Tenho uma teoria de que nos definimos pelas coisas inúteis que fazemos. Nada desse negócio de profissão, por exemplo. Ou gênero, ou função familiar. Essas, mesmo quando escolhas, são responsabilidades que assumimos e, a partir desse momento, se ressignificam.
Nós somos aquilo de mais inútil, idiota, sem sentido e sem propósito em nossas vidas. Eu, por exemplo, tenho como principais atividades inúteis a costura e as plantas. Faço ambas muito mal. Além disso, não servem para nada. Não ganho dinheiro com elas, não as publico em nenhum lugar, não são projetos pessoais, nada. São o mais absoluto nada.
E é nesse momento, sem a preocupação do sucesso, da aceitação, da aprovação ou do retorno (financeiro, afetivo, tanto faz), que podemos ser nós mesmos.
Tudo que costuro fica torto. Não aquele torto imperceptível que só o olho da costureira percebe. Não, não. Torto de verdade. Torto como a vida.
As plantas que gosto de ter não são perenes. São sempre temperos como coentro, nirá ou pimentas. O que, claro, pode explicar a vida curta delas. Ou, por outro lado, se faço essa escolha para autojustificar a necessidade de novos plantios, cabe ao meu terapeuta responder.

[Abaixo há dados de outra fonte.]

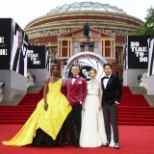 Poolteist aastat oodatud Bondi-film esilinastus ülima glamuuriga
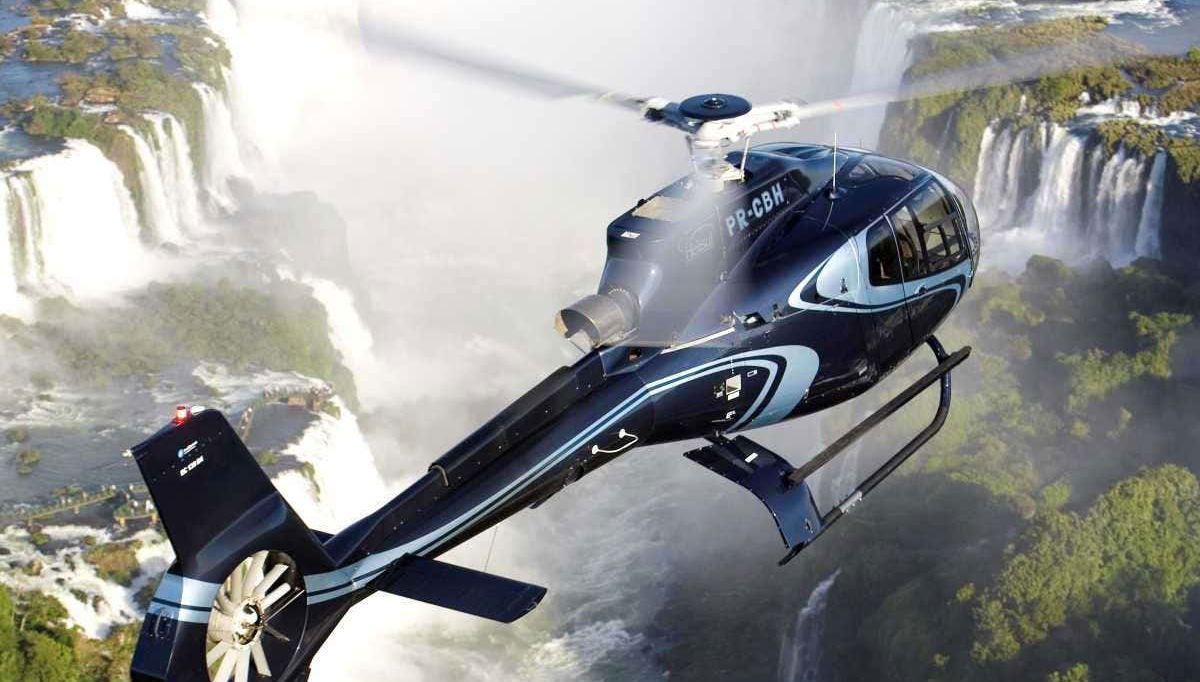 Helicóptero sobrevoando as cataratas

De onde concluo que eu sou, no nível mais básico do ser humano, incompetente.
O que me lembra do poema do Mário de Sá-Carneiro:
Eu não sou eu nem sou o outro,
Sou qualquer coisa de intermédio:
Pilar da ponte de tédio
Que vai de mim para o Outro.
Não somos uma coisa só e estabelecemos nossa identidade na interface com o outro. Isso é puro Freud. E é lindo.
Essa interface com o outro, muitas vezes, passa pela categorização. “O que você faz?” é uma pergunta que espera como resposta algo que garanta o seu sustento. As pessoas normalmente não esperam que você diga “escuto música”. O fazer é associado ao dinheiro, não ao prazer. E, claro, menos ainda ao inútil.
A neurociência fala sobre a necessidade do sono e do ócio. O cérebro precisa esquecer para poder lembrar. Essas coisas que você já viu grudado em memes de autoajuda e que aquela sua tia conectada manda no grupo da família. Isso, entretanto, não me interessa. Falo aqui de atividades – e, portanto, não de descanso – que não sirvam para absolutamente nada.
Há um quê de revolucionário nisso. O capitalismo faz com que todo o nosso tempo “sirva” para alguma coisa. Ou estamos produzindo algo para alguém, mesmo que esse alguém seja você mesmo, ou estamos consumindo algo. Então, o tempo que você gasta na Netflix ou no Youtube não é seu, pertence à indústria cultural e faz parte da máquina capitalista. Já o tempo que você passa olhando para o teto, sem produzir ou consumir, é só seu. Olhar para o teto é libertador.
Seguindo o mesmo raciocínio, de uma forma um pouco mais branda, fazer algo inútil é, também, se retirar do sistema. O leitor dirá, com razão, que eu comprei o vasinho ou a máquina de costura e que, portanto, ainda estou inserida no contexto capitalista. Em minha defesa, respondo que, ao fazer algo essencialmente inútil, quebro o ciclo, quebro a corrente. Sou, em minha inutilidade, rebelde.
Agora você já sabe. Próxima vez que alguém te perguntar para que serve algo que você quer fazer só porque sim, responda: para mudar o mundo!